--- DATA PROVIDED Enclosed Below ---
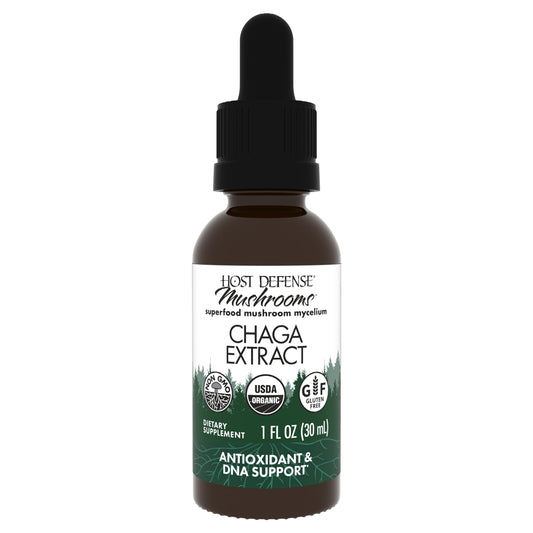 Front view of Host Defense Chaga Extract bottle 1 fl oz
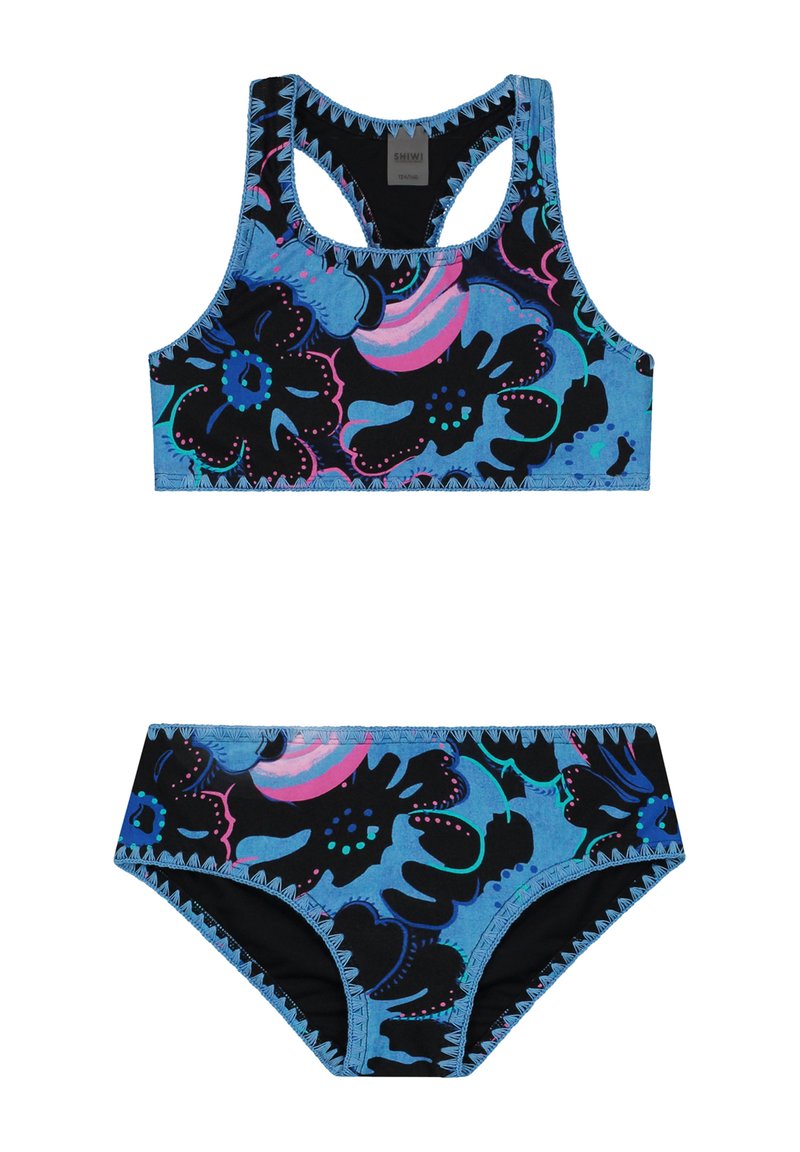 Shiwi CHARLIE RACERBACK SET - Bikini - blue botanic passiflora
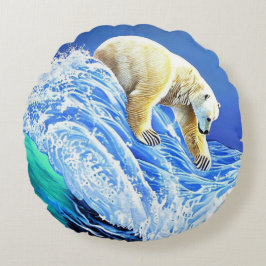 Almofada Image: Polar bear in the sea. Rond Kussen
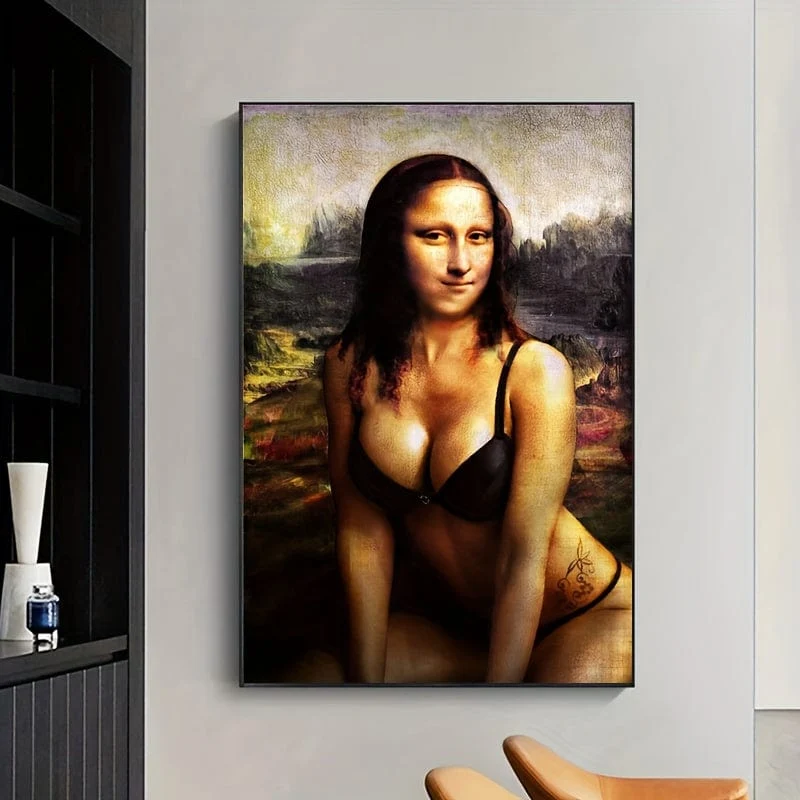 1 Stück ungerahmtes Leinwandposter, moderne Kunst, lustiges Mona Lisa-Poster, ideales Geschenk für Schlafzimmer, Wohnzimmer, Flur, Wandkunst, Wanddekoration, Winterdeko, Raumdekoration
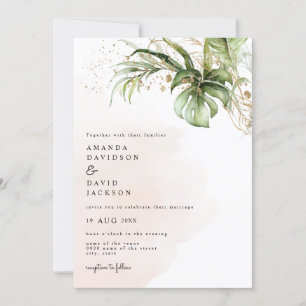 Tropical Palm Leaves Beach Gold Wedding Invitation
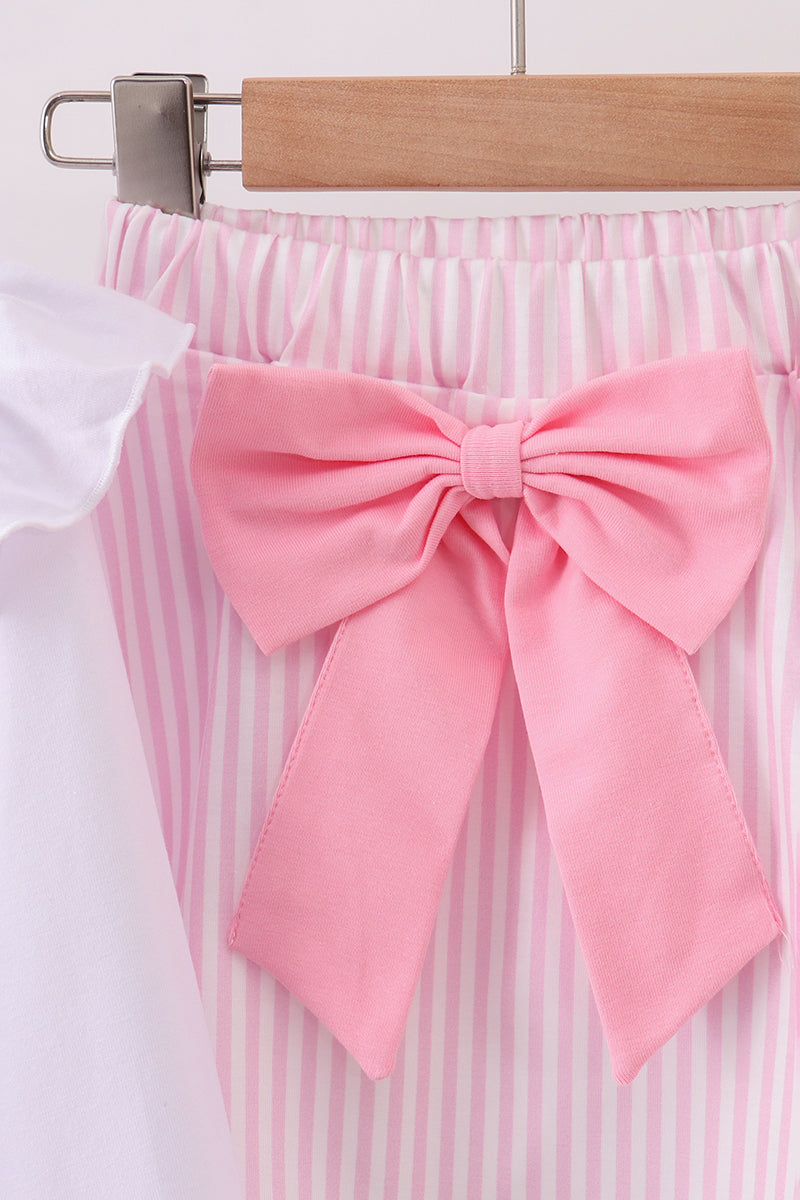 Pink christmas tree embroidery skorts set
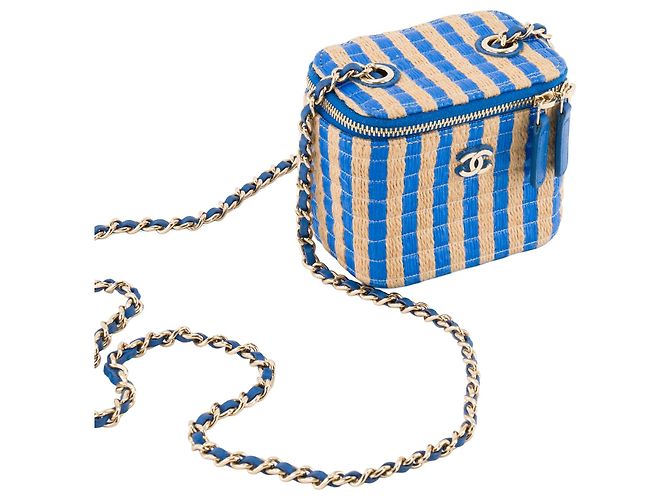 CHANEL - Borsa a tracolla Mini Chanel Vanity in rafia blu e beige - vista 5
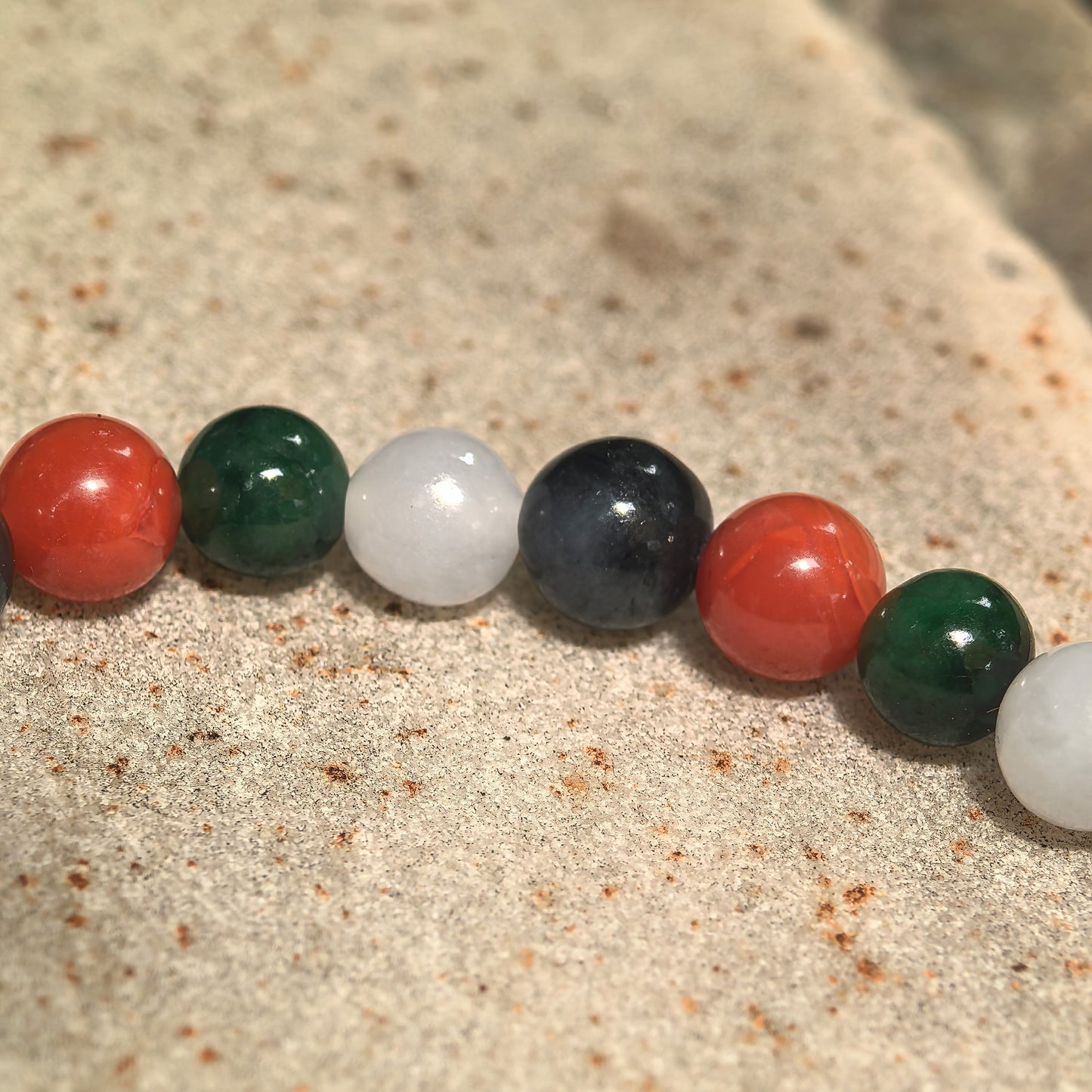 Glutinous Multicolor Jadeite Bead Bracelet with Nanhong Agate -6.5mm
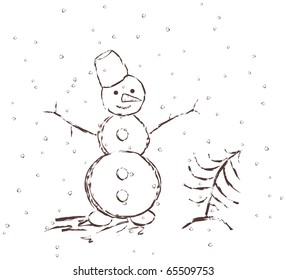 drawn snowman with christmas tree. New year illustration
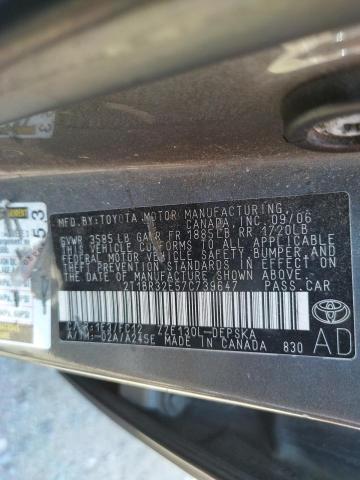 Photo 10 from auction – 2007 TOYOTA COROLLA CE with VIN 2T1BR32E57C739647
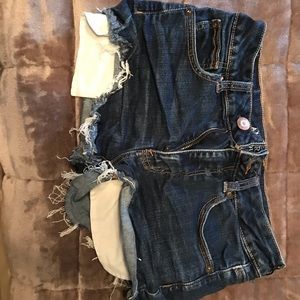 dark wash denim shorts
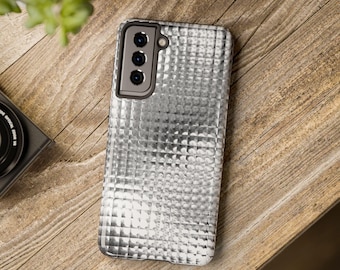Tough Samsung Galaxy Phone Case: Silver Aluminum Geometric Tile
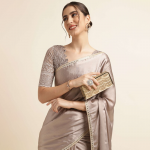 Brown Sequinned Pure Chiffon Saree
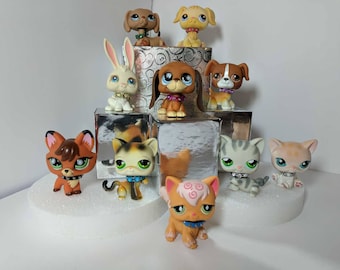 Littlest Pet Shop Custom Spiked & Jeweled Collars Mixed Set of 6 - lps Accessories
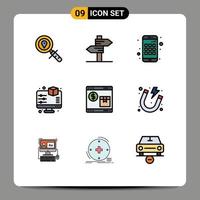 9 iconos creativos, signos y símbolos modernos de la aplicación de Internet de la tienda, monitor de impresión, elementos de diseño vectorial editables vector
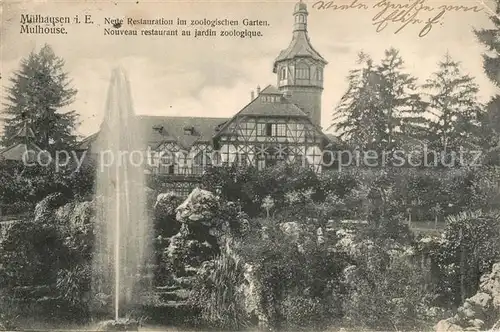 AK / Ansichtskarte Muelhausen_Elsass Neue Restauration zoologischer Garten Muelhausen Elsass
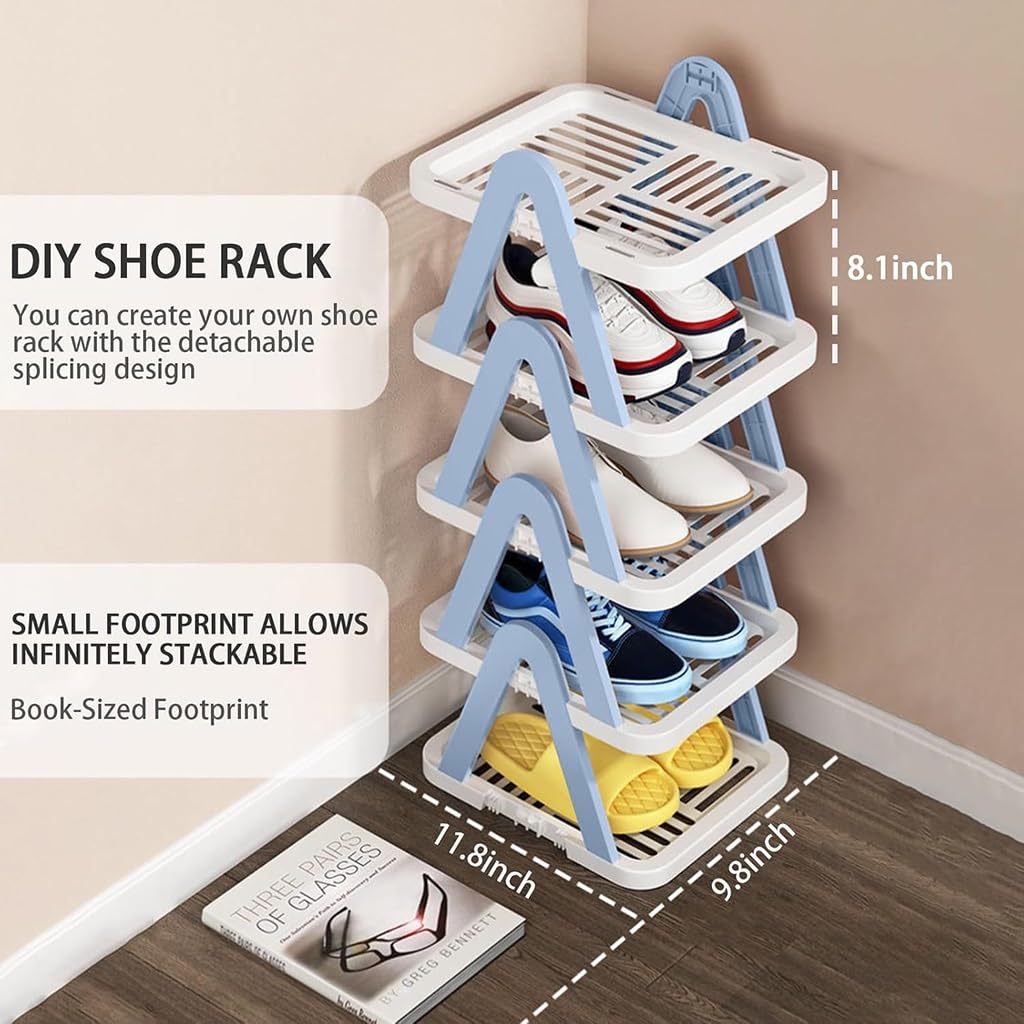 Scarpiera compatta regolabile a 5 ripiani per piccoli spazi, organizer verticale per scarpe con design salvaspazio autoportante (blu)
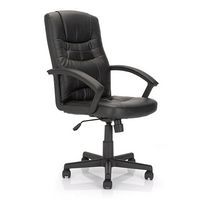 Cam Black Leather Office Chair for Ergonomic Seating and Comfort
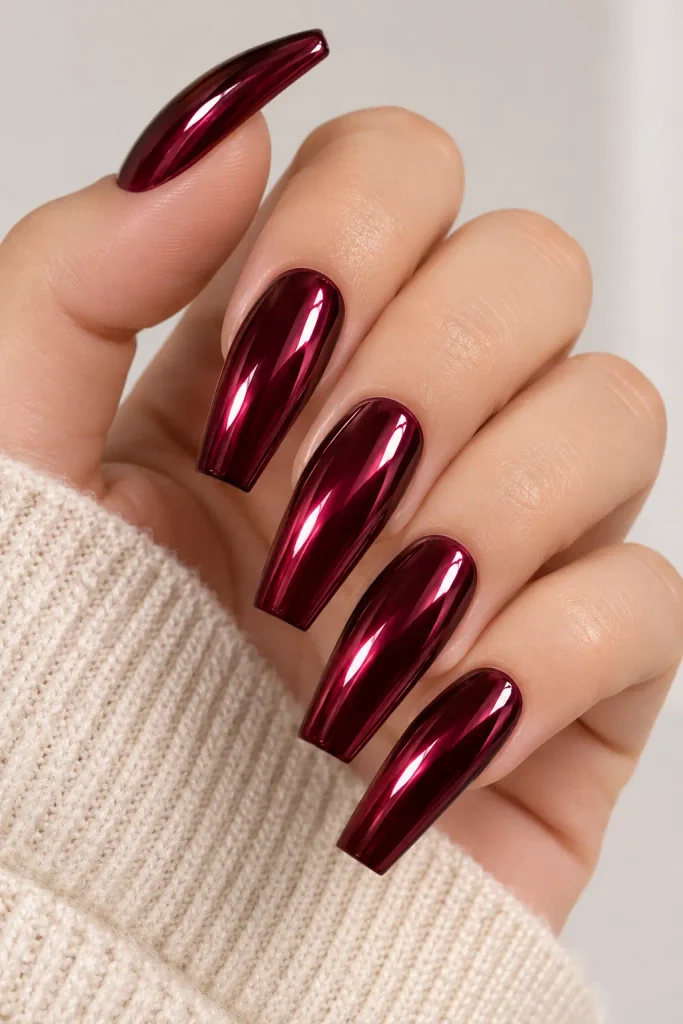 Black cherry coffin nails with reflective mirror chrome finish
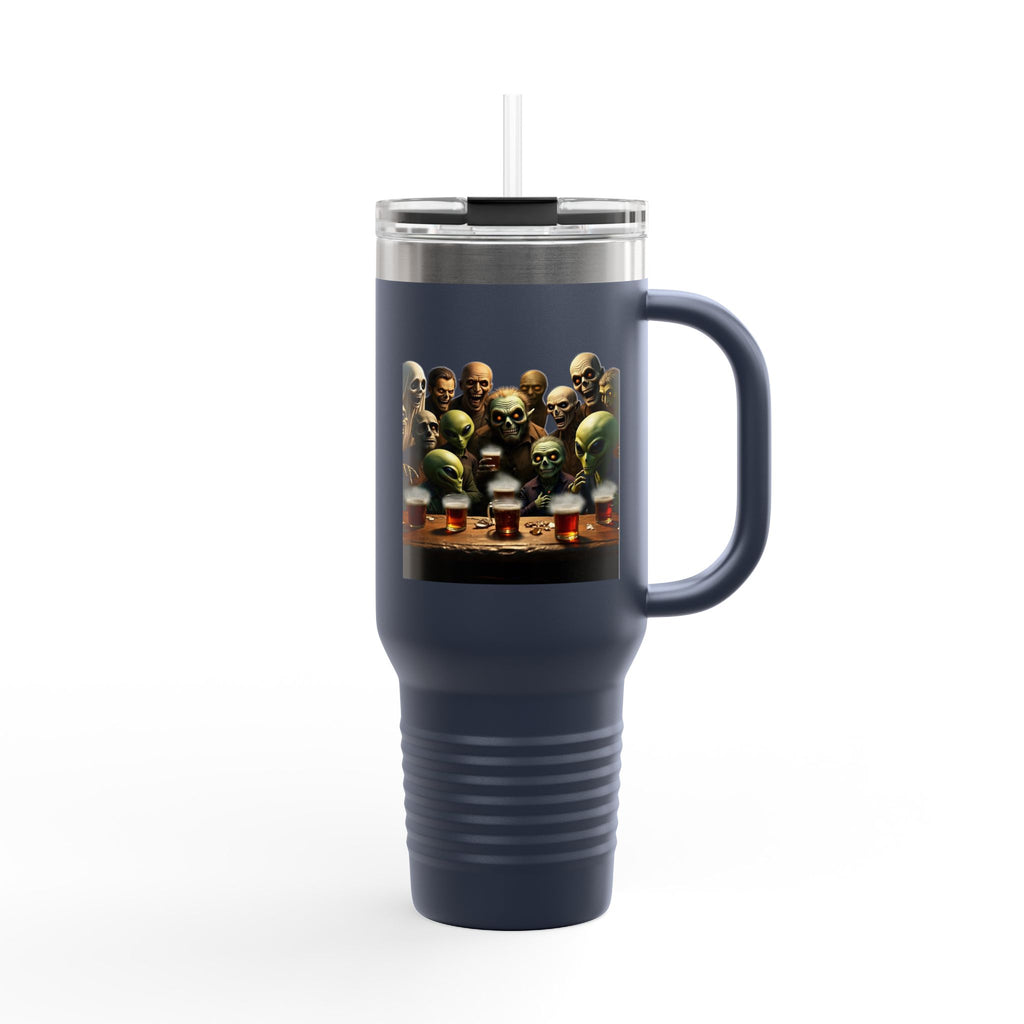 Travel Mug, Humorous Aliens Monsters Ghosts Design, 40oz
--- End of Enclosed DATA PROVIDED ---
Nothing but the lines from the beginning of the material through the line with "Littlest Pet Shop" should appear, printed exactly, with no pictures among them.

 Front view of Host Defense Chaga Extract bottle 1 fl oz
 Shiwi CHARLIE RACERBACK SET - Bikini - blue botanic passiflora
 Almofada Image: Polar bear in the sea. Rond Kussen
 1 Stück ungerahmtes Leinwandposter, moderne Kunst, lustiges Mona Lisa-Poster, ideales Geschenk für Schlafzimmer, Wohnzimmer, Flur, Wandkunst, Wanddekoration, Winterdeko, Raumdekoration
 Tropical Palm Leaves Beach Gold Wedding Invitation
 Pink christmas tree embroidery skorts set
 CHANEL - Borsa a tracolla Mini Chanel Vanity in rafia blu e beige - vista 5
 Glutinous Multicolor Jadeite Bead Bracelet with Nanhong Agate -6.5mm
 drawn snowman with christmas tree. New year illustration
 Photo 10 from auction – 2007 TOYOTA COROLLA CE with VIN 2T1BR32E57C739647
 dark wash denim shorts
Tough Samsung Galaxy Phone Case: Silver Aluminum Geometric Tile
 Brown Sequinned Pure Chiffon Saree
 Littlest Pet Shop Custom Spiked & Jeweled Collars Mixed Set of 6 - lps Accessories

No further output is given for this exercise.